• [Task goal]: Take the material below from its first line through the line containing "QIAODAN Killing Move" and, please, write those lines again exactly.

- - -

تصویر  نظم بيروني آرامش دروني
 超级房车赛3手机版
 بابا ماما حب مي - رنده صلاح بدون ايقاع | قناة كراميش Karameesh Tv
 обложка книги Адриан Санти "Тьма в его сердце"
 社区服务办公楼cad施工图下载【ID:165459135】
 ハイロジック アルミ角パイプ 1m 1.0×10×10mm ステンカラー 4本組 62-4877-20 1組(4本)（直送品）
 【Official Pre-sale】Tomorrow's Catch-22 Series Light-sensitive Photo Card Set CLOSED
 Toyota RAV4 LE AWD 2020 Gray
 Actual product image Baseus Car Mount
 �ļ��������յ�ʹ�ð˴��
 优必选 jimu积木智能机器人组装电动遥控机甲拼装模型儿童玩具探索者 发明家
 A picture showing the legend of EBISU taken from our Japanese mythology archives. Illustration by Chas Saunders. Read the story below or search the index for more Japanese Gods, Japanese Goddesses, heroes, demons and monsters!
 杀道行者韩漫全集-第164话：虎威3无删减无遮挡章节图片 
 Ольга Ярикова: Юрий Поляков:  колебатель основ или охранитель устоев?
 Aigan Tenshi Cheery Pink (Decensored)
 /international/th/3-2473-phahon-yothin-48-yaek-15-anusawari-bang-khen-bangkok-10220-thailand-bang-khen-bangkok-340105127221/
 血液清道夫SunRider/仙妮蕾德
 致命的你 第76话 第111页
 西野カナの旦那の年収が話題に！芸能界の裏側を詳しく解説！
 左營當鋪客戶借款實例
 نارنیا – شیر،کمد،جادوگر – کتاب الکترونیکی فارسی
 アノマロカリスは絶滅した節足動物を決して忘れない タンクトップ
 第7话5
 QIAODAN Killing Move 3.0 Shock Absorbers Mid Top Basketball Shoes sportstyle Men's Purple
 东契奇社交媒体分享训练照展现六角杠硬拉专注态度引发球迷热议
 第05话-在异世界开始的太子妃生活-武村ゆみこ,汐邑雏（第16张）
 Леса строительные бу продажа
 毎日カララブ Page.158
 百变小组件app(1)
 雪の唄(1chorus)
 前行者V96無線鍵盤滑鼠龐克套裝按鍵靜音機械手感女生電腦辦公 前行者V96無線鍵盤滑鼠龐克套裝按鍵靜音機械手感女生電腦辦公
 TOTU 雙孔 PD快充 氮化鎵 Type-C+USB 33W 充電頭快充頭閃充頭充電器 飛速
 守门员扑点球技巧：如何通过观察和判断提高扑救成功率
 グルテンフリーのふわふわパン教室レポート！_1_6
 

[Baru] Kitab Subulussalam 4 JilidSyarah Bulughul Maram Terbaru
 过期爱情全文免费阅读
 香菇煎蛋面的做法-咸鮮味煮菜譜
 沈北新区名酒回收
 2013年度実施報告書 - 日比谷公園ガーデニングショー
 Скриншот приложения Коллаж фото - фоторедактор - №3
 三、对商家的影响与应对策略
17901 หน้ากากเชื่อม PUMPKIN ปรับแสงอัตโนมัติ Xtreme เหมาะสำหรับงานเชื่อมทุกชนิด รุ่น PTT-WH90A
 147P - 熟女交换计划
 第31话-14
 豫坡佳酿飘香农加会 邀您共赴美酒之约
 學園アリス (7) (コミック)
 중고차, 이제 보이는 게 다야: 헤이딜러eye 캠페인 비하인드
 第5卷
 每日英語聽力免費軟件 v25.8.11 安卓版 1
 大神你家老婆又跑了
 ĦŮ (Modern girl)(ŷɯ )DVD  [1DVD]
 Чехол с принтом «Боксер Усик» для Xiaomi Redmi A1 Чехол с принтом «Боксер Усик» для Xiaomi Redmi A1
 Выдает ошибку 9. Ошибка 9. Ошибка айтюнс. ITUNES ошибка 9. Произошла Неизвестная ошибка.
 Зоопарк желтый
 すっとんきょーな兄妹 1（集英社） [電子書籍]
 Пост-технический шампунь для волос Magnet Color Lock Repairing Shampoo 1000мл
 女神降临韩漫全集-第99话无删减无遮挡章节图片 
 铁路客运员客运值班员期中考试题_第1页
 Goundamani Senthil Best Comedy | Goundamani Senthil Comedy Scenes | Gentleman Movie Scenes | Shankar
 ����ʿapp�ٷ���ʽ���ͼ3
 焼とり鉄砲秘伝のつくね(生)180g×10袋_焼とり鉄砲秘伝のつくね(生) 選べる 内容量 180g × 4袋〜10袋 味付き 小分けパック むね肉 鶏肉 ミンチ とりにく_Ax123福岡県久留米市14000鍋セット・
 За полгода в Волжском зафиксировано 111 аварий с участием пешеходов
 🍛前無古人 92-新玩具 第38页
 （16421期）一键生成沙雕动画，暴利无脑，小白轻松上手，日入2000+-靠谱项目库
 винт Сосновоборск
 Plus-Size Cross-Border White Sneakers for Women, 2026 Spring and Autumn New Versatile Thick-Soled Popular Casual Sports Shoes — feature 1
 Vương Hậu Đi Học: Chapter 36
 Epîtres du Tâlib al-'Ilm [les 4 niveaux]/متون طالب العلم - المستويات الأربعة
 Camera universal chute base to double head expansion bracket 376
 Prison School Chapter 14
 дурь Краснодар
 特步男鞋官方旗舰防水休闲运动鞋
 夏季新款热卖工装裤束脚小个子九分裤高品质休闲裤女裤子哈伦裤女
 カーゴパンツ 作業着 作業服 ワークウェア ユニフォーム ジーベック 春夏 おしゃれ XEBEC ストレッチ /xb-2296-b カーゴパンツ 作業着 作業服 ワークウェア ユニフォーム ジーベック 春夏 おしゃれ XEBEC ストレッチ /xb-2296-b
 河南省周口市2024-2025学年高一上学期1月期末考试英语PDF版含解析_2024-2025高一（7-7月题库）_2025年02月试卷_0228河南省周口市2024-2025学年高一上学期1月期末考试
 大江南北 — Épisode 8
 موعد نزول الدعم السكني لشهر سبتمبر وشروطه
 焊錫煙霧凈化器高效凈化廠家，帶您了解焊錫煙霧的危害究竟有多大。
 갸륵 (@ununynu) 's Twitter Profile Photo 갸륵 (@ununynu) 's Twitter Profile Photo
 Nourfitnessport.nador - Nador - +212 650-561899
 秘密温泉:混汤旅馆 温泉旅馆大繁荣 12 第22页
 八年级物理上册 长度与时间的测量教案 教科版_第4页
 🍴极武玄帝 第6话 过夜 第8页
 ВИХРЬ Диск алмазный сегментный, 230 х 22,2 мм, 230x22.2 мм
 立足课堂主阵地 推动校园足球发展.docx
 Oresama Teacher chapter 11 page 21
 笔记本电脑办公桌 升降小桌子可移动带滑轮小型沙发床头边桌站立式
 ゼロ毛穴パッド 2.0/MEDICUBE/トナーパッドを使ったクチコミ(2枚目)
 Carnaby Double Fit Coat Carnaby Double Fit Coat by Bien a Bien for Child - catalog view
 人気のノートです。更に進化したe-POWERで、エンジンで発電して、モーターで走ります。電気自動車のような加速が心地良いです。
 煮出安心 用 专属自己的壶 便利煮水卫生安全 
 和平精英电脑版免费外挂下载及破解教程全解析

- - -

• [Result of this exercise]:
تصویر  نظم بيروني آرامش دروني
 超级房车赛3手机版
 بابا ماما حب مي - رنده صلاح بدون ايقاع | قناة كراميش Karameesh Tv
 обложка книги Адриан Санти "Тьма в его сердце"
 社区服务办公楼cad施工图下载【ID:165459135】
 ハイロジック アルミ角パイプ 1m 1.0×10×10mm ステンカラー 4本組 62-4877-20 1組(4本)（直送品）
 【Official Pre-sale】Tomorrow's Catch-22 Series Light-sensitive Photo Card Set CLOSED
 Toyota RAV4 LE AWD 2020 Gray
 Actual product image Baseus Car Mount
 �ļ��������յ�ʹ�ð˴��
 优必选 jimu积木智能机器人组装电动遥控机甲拼装模型儿童玩具探索者 发明家
 A picture showing the legend of EBISU taken from our Japanese mythology archives. Illustration by Chas Saunders. Read the story below or search the index for more Japanese Gods, Japanese Goddesses, heroes, demons and monsters!
 杀道行者韩漫全集-第164话：虎威3无删减无遮挡章节图片 
 Ольга Ярикова: Юрий Поляков:  колебатель основ или охранитель устоев?
 Aigan Tenshi Cheery Pink (Decensored)
 /international/th/3-2473-phahon-yothin-48-yaek-15-anusawari-bang-khen-bangkok-10220-thailand-bang-khen-bangkok-340105127221/
 血液清道夫SunRider/仙妮蕾德
 致命的你 第76话 第111页
 西野カナの旦那の年収が話題に！芸能界の裏側を詳しく解説！
 左營當鋪客戶借款實例
 نارنیا – شیر،کمد،جادوگر – کتاب الکترونیکی فارسی
 アノマロカリスは絶滅した節足動物を決して忘れない タンクトップ
 第7话5
 QIAODAN Killing Move 3.0 Shock Absorbers Mid Top Basketball Shoes sportstyle Men's Purple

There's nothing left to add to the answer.